Community gardens for local peoples 

The Batwa pygmy ethnic group lived off the forest, using the available forest resources for food, habitat, handicrafts and medication, thanks to their ancestral knowledge of medicinal plants. So that their departure does not mean the sudden end of this whole model, nor yet going back to taking resources from the primary forest, the idea proposed by the local NGO is to support the creation of food and medicinal plant nurseries. It means such a relief for the forest, which is surrounded by the largest rural population in Uganda. 

The first nurseries have been planted 

 

Pepiniere13,000 square metres of land, formerly planted with eucalyptus trees, have been cleared for the new crops and their future propagation. A whole arboretum is being developed, with more than 50 different species of indigenous trees, mainly fruit and medicinal, including four endangered species.

And it goes fast. 10,000 young plants have already been produced and made available to the inhabitants who take part in the nurseries. Another thing to keep in mind? Elephants! To ensure that these areas benefit the Batwa and not the pachyderms, large wire fences have been put in place.
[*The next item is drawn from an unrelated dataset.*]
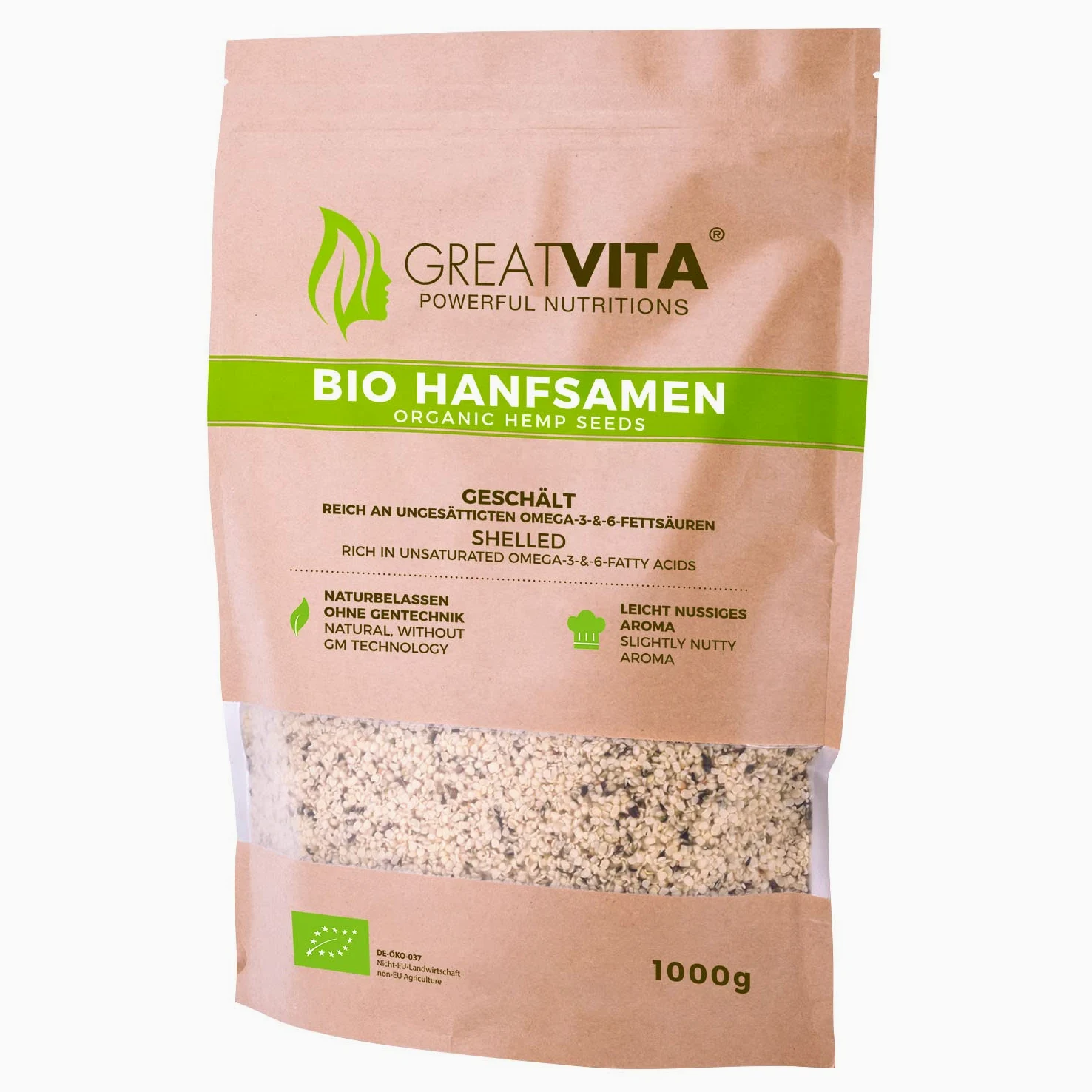 Semi di canapa organici MeaVita, pelati, confezione da 2 (2 x 1 kg)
They protect the nurseries, the arboretum, and the community and educational gardens intended to take over and give the forest the relief it needs.
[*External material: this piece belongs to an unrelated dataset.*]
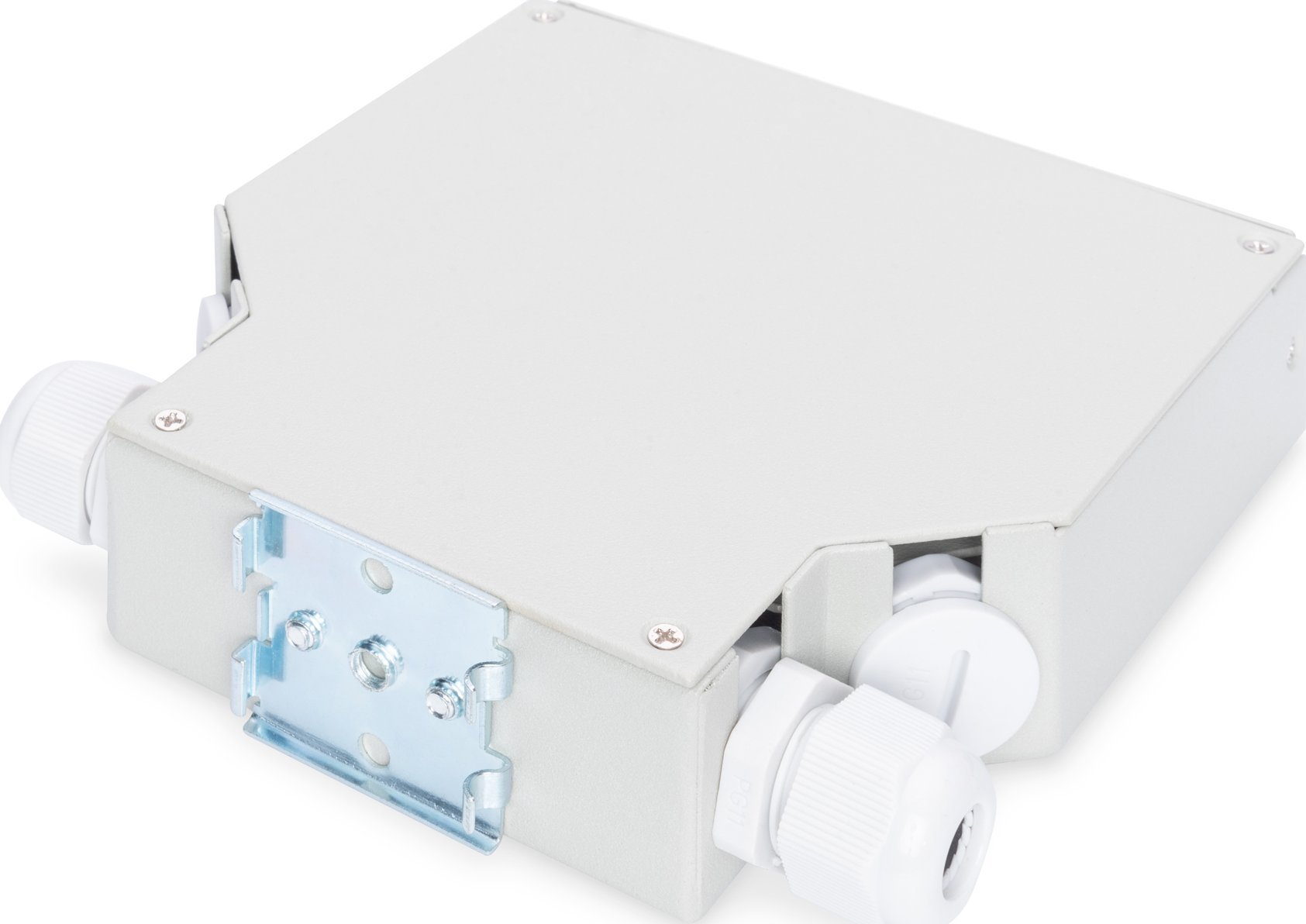 Kuti shpërndarëse optike Digitus Assmann DIN Rail Splice Box, për 8 lidhës LC DX, gri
A whole new set of activities 

 

From cultures to culture 

While the main objective is to alleviate the primary forest by providing new local sources of supply to the people, the goals are multiple: 

- To increase community knowledge and awareness of native plants, their traditional practical and cultural uses and their conservation;  

- To document and propagate seedlings of all native trees in the National Park so local people can use them; 

- To promote botanical training, education and research;  

- To organize guided walks to develop ecotourism. 

 

Thus, if the forest is the first most visible element that is maintained, it is also a whole cultural wealth that can continue to be perpetuated, so that new generations can in turn preserve it… while also preserving the habitat of the mountain gorillas. 

 

The Sunbeam Project

This Ugandan community-based NGO works with the people of Kisoro, in the southern sector of the Bwindi Impenetrable Forest National Park. Since 2010, it has been supporting orphans in the community as well as less privileged families, notably through a school and various actions giving them the opportunity to consolidate their education and secure their future.